Shopping: Throughout Petra, there are tents from which the Bedouins peddle crafts such as hattahs (checkered head scarves), silver jewelry, key chains and glass bottles filled with multicolored desert sand. You will also find women selling handmade trinkets from blankets throughout the area. Unwanted haggling is to be expected, but a polite “no, thank you” typically does the trick.
Tips for shopping: Negotiating prices is expected, but do not expect more than a 30 percent reduction of the original price. If you see a shop owner praying, wait until he is done before asking him any questions. As a general rule, the wealthier you look, the more you will pay for any given item; so you may want to leave the fancy watch in the hotel safe. Keep a close eye on your belongings. You do not want to attract pickpockets. But my best advice: enjoy yourself!

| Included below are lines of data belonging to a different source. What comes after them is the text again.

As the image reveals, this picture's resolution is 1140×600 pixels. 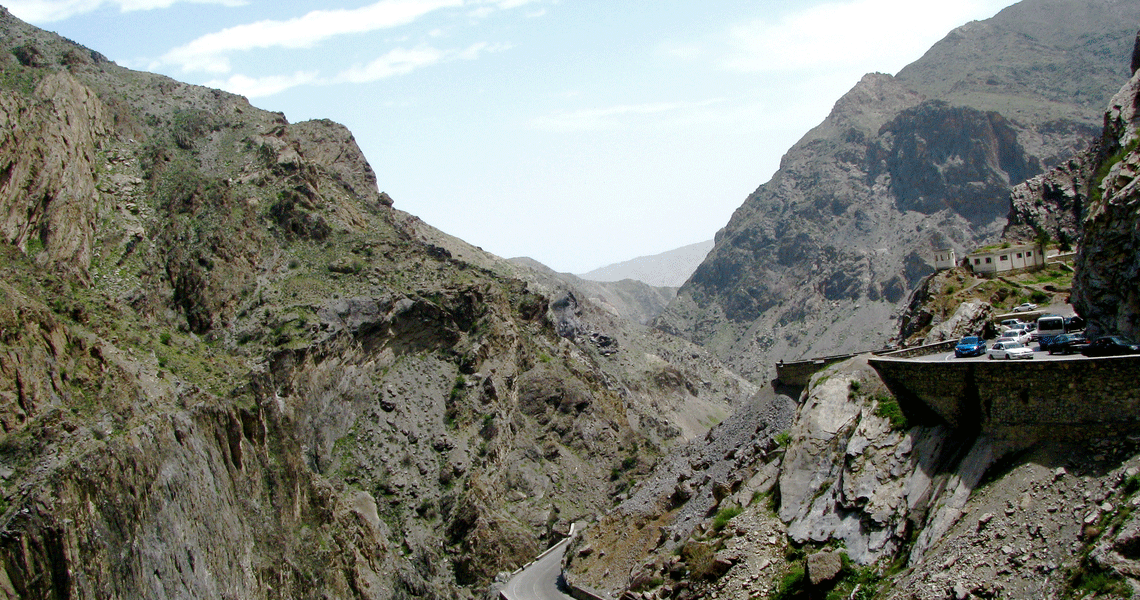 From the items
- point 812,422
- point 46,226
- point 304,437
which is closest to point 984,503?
point 812,422

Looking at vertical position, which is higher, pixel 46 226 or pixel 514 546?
pixel 46 226

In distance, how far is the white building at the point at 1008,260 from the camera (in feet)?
168

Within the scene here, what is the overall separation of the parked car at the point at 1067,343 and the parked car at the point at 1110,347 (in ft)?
3.16

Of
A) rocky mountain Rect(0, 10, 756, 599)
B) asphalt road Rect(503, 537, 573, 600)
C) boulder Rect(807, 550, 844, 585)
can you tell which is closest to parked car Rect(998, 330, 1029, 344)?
boulder Rect(807, 550, 844, 585)

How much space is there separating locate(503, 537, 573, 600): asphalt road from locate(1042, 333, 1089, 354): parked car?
2479 cm

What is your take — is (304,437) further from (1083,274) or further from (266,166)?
(1083,274)

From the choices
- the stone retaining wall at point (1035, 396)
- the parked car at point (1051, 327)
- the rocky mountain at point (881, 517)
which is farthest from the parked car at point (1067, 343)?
the rocky mountain at point (881, 517)

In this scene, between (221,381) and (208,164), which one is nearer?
(221,381)

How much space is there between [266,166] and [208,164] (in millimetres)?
5012

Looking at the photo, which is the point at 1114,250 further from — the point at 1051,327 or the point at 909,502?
the point at 909,502

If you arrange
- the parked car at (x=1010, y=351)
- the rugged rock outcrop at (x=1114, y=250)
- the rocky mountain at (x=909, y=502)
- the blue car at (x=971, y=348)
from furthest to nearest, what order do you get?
1. the blue car at (x=971, y=348)
2. the rugged rock outcrop at (x=1114, y=250)
3. the parked car at (x=1010, y=351)
4. the rocky mountain at (x=909, y=502)

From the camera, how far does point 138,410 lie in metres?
54.2

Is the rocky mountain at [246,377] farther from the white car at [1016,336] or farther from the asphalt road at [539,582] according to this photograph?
the white car at [1016,336]

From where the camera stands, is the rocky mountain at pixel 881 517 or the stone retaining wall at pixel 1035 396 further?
the stone retaining wall at pixel 1035 396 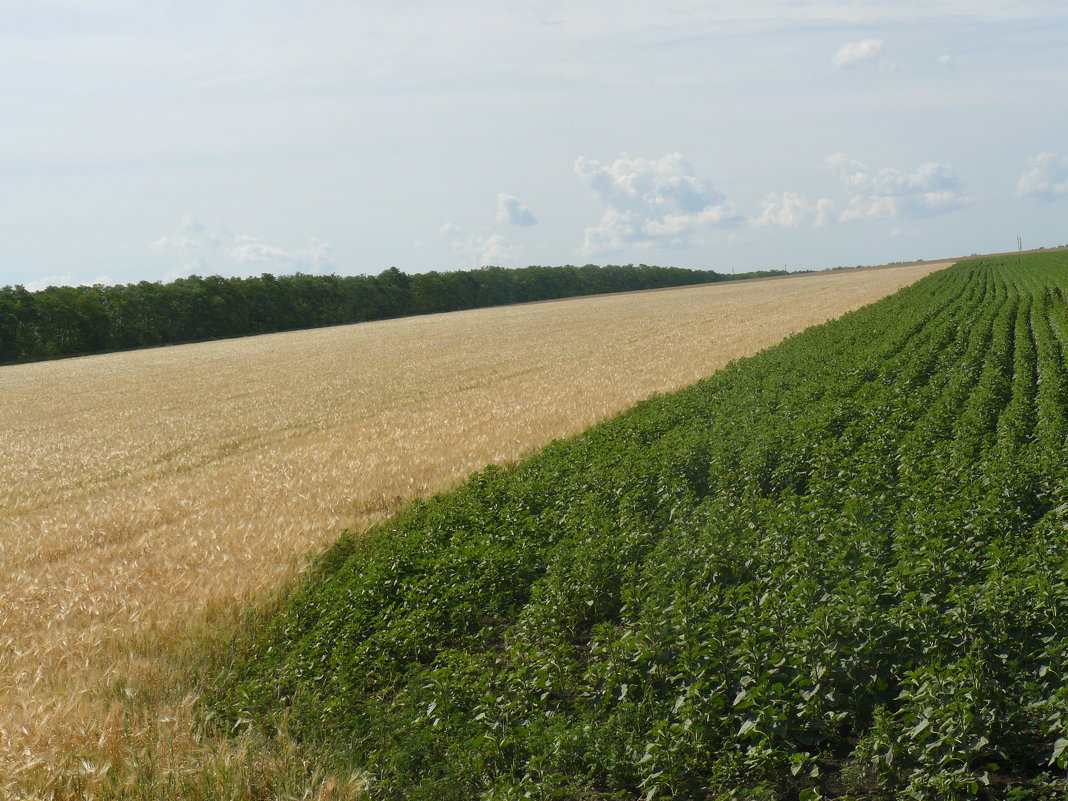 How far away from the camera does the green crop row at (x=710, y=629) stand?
4820 millimetres

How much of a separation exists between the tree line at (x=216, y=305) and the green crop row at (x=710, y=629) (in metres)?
65.8

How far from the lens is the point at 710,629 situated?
5.98m

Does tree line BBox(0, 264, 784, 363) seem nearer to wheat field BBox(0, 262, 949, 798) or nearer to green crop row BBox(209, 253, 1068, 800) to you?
wheat field BBox(0, 262, 949, 798)

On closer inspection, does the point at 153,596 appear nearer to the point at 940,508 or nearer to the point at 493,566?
the point at 493,566

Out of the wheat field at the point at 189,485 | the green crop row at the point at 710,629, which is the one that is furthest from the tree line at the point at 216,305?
the green crop row at the point at 710,629

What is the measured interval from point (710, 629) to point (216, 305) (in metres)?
78.0

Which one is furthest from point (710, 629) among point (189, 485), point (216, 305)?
point (216, 305)

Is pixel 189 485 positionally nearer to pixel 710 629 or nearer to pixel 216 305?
pixel 710 629

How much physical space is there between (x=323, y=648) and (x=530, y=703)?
2.20 metres

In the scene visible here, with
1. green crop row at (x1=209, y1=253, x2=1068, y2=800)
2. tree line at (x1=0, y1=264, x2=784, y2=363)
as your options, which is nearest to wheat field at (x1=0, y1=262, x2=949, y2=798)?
green crop row at (x1=209, y1=253, x2=1068, y2=800)

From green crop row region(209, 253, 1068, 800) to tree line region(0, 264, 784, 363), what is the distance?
216ft

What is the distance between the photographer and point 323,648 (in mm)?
7223

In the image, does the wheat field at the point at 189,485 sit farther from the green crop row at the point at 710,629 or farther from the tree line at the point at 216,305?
the tree line at the point at 216,305

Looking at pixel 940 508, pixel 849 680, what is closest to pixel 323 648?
pixel 849 680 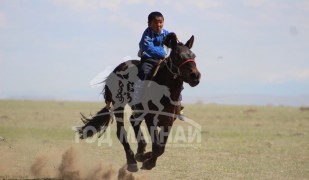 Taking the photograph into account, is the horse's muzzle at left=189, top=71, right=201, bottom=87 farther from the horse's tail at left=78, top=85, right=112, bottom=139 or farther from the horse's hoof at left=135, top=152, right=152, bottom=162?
the horse's tail at left=78, top=85, right=112, bottom=139

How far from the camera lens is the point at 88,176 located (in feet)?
36.2

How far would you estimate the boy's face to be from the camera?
10031 mm

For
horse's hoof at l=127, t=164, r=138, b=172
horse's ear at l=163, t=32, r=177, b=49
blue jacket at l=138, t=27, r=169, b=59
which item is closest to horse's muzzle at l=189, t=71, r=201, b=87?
horse's ear at l=163, t=32, r=177, b=49

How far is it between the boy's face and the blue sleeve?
16cm

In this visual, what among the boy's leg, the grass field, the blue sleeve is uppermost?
the blue sleeve

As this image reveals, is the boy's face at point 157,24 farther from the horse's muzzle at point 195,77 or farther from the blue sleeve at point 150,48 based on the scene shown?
the horse's muzzle at point 195,77

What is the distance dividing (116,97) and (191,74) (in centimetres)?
282

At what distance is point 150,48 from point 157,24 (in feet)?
1.38

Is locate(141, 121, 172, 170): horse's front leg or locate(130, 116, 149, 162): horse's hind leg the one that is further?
locate(130, 116, 149, 162): horse's hind leg

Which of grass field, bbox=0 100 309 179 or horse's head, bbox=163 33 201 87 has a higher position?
horse's head, bbox=163 33 201 87

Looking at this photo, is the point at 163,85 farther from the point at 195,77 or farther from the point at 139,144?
the point at 139,144

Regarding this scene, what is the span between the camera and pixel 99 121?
1195 cm

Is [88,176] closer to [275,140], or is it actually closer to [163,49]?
[163,49]

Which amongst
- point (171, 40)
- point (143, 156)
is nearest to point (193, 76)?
point (171, 40) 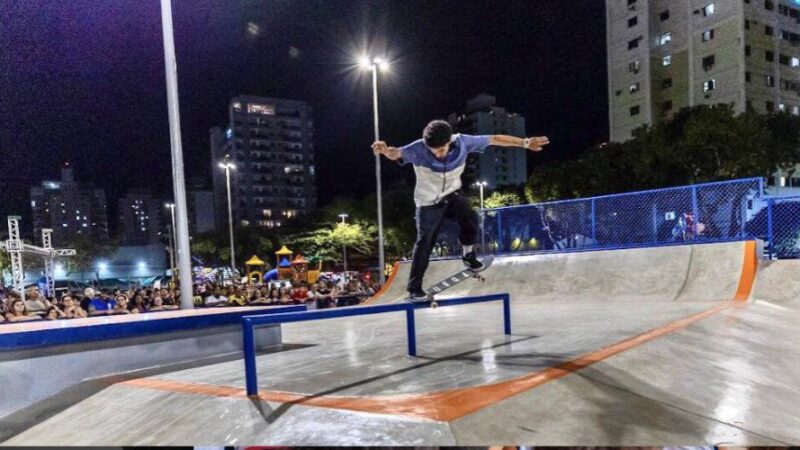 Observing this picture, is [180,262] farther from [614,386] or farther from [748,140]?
[748,140]

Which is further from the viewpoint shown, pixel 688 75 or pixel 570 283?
pixel 688 75

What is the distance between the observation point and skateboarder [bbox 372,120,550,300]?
5.42m

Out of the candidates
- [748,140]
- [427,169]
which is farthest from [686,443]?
[748,140]

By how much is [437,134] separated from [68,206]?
16497 cm

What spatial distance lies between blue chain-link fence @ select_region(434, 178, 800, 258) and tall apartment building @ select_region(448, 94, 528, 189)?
11692 centimetres

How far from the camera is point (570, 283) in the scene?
489 inches

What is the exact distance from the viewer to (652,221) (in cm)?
1296

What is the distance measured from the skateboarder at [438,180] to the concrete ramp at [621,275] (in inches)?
272

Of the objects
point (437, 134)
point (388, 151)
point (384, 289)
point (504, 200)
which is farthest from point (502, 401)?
point (504, 200)

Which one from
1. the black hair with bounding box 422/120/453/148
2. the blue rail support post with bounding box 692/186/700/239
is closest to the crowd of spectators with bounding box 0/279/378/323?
the black hair with bounding box 422/120/453/148

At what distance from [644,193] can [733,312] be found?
568 centimetres

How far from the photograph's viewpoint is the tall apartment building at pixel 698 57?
52.7 metres

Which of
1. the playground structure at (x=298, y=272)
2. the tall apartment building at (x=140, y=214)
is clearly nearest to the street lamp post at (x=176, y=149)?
the playground structure at (x=298, y=272)

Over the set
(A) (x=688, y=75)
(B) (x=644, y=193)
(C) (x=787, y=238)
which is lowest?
(C) (x=787, y=238) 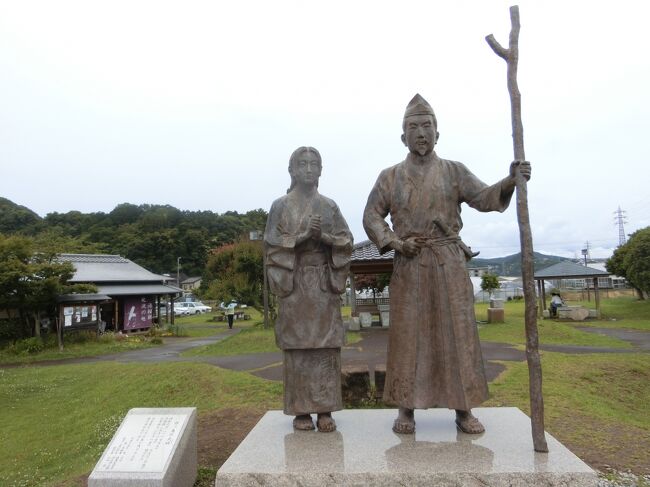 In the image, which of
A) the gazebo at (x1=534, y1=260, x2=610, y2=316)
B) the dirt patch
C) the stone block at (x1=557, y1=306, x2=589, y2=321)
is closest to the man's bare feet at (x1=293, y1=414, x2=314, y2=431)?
the dirt patch

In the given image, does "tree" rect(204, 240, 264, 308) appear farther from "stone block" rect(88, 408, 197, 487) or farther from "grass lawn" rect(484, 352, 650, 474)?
"stone block" rect(88, 408, 197, 487)

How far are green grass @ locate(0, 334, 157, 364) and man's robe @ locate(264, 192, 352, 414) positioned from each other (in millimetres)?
16340

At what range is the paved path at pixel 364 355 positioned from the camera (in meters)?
11.7

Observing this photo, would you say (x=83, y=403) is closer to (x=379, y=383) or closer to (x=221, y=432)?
(x=221, y=432)

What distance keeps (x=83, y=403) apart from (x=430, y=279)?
925cm

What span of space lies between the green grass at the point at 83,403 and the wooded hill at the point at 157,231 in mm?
35022

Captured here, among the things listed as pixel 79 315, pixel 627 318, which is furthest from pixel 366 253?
pixel 79 315

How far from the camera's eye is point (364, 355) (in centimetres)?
1330

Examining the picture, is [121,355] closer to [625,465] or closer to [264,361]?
[264,361]

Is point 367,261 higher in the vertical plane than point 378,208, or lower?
higher

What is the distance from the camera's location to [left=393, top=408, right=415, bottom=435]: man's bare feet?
4176mm

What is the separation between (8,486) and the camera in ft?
20.4

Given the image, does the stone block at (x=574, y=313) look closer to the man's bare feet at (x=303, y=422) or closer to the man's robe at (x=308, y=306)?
the man's robe at (x=308, y=306)

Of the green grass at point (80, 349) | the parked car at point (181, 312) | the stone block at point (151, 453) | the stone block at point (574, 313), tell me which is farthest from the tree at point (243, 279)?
the parked car at point (181, 312) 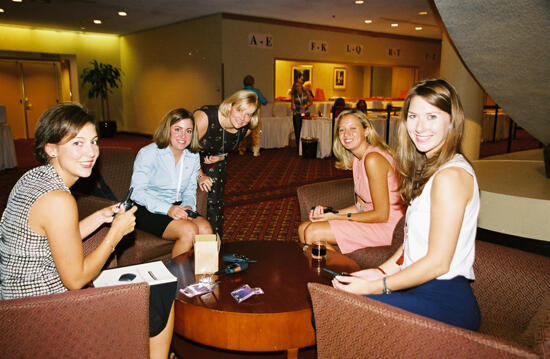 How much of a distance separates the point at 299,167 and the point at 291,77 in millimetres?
7295

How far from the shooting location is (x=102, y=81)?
1308cm

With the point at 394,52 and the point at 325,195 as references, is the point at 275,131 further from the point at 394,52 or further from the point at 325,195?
the point at 325,195

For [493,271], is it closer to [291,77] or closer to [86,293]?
[86,293]

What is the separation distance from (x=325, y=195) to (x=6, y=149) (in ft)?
23.4

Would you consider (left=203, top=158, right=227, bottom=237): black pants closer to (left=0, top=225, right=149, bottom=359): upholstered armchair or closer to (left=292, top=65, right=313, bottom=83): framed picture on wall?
(left=0, top=225, right=149, bottom=359): upholstered armchair

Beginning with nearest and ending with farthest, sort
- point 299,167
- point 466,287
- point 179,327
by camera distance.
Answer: point 466,287, point 179,327, point 299,167

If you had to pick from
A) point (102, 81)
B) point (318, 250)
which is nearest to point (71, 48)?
point (102, 81)

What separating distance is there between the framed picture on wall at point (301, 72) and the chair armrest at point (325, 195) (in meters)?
11.7

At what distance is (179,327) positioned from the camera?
1780 millimetres

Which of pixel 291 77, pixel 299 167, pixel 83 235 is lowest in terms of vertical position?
pixel 299 167

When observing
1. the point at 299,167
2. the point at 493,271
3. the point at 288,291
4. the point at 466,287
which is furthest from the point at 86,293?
the point at 299,167

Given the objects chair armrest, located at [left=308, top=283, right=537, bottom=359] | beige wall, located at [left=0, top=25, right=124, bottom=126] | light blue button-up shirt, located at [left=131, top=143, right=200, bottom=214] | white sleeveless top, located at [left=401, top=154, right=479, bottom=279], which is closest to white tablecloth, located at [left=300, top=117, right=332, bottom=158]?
light blue button-up shirt, located at [left=131, top=143, right=200, bottom=214]

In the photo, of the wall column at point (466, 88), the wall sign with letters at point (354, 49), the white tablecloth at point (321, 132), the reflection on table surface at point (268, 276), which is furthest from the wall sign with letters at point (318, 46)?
the reflection on table surface at point (268, 276)

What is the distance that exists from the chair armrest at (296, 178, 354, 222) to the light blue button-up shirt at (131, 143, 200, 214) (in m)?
0.85
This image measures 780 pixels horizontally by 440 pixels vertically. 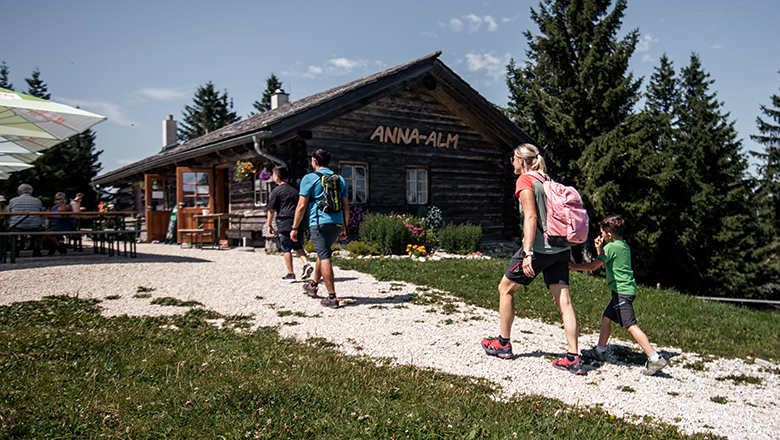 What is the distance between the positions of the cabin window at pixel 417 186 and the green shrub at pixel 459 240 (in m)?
2.61

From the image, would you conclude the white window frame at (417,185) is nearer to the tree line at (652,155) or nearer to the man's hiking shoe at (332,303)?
the tree line at (652,155)

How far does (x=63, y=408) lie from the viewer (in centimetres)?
306

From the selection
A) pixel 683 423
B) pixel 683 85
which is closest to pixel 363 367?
pixel 683 423

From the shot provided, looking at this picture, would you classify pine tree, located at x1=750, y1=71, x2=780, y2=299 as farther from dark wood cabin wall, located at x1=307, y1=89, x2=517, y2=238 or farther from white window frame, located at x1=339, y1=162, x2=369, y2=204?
white window frame, located at x1=339, y1=162, x2=369, y2=204

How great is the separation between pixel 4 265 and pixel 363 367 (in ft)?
28.3

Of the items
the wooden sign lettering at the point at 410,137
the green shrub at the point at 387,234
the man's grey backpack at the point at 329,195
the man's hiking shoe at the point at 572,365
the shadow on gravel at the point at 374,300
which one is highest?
the wooden sign lettering at the point at 410,137

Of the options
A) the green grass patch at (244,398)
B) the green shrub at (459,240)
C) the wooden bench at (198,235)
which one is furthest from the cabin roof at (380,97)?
the green grass patch at (244,398)

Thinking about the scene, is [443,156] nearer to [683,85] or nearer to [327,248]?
[327,248]

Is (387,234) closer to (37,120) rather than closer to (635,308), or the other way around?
(635,308)

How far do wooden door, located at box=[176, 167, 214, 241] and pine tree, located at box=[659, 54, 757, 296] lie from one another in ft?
71.3

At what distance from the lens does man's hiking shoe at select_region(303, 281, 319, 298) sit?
7.19 metres

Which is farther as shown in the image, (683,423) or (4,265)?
(4,265)

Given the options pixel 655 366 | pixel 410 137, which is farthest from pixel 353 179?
pixel 655 366

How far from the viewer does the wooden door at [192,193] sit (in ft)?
51.2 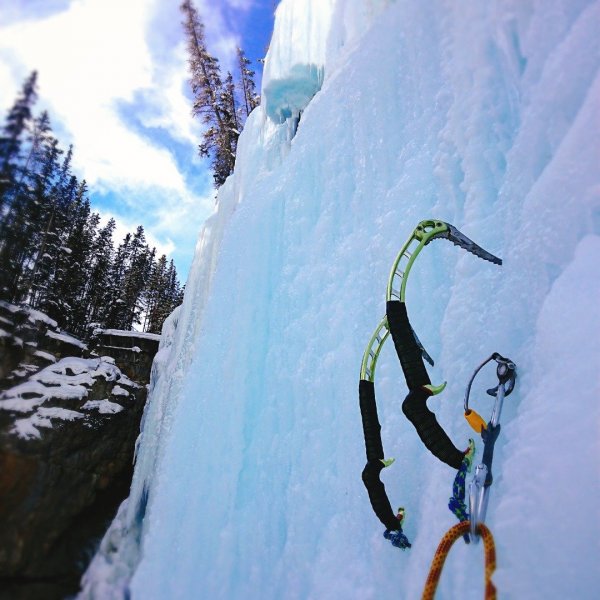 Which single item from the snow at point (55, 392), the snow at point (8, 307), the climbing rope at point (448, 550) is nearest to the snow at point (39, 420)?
the snow at point (55, 392)

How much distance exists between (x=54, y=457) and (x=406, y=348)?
977cm

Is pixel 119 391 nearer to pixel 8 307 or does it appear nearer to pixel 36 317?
pixel 36 317

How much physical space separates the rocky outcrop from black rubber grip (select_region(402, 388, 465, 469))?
927 centimetres

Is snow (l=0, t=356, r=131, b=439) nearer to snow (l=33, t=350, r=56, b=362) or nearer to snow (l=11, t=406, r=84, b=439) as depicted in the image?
snow (l=11, t=406, r=84, b=439)

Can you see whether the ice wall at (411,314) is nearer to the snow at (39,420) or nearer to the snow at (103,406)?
the snow at (39,420)

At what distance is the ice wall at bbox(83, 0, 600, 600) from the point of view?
1.60 m

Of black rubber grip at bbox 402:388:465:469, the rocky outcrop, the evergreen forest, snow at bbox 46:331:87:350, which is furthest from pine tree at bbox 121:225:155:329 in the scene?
black rubber grip at bbox 402:388:465:469

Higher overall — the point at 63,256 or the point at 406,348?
the point at 63,256

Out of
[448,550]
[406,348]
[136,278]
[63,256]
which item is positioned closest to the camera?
[448,550]

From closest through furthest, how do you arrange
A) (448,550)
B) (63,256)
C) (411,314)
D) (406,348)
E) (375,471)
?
(448,550), (406,348), (375,471), (411,314), (63,256)

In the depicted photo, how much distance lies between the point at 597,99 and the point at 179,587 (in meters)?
4.77

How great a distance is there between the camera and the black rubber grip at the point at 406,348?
178cm

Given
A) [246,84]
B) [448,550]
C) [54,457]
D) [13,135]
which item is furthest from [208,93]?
[448,550]

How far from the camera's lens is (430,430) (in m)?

Regarding Jordan: many businesses including banks and government offices are closed on Fridays and Saturdays. Other businesses also closed Thursday afternoons. Typical store hours are 9:30 a.m. to 1:30 p.m. and again from 3:30 to 6 p.m. Most museums are closed on Tuesdays. Early closing times are common throughout the month of Ramadan.
Jordanian Dinar, symbol “JD.”
Currency converter: XE
Best time to go: September through May
+962 06 445 2000
Visa: A two-week tourist visa can be purchased upon arrival at the airport. A single-entry visa costs 20 JDs (approximately $30). A tourist visa can be extended at any police station.
Tours: Official tour guides can be hired at the Visitors Center in Wadi Musa. Prices range from 35 to 50 JD, depending on the trail you select. To access more remote areas of the park, a guide is required.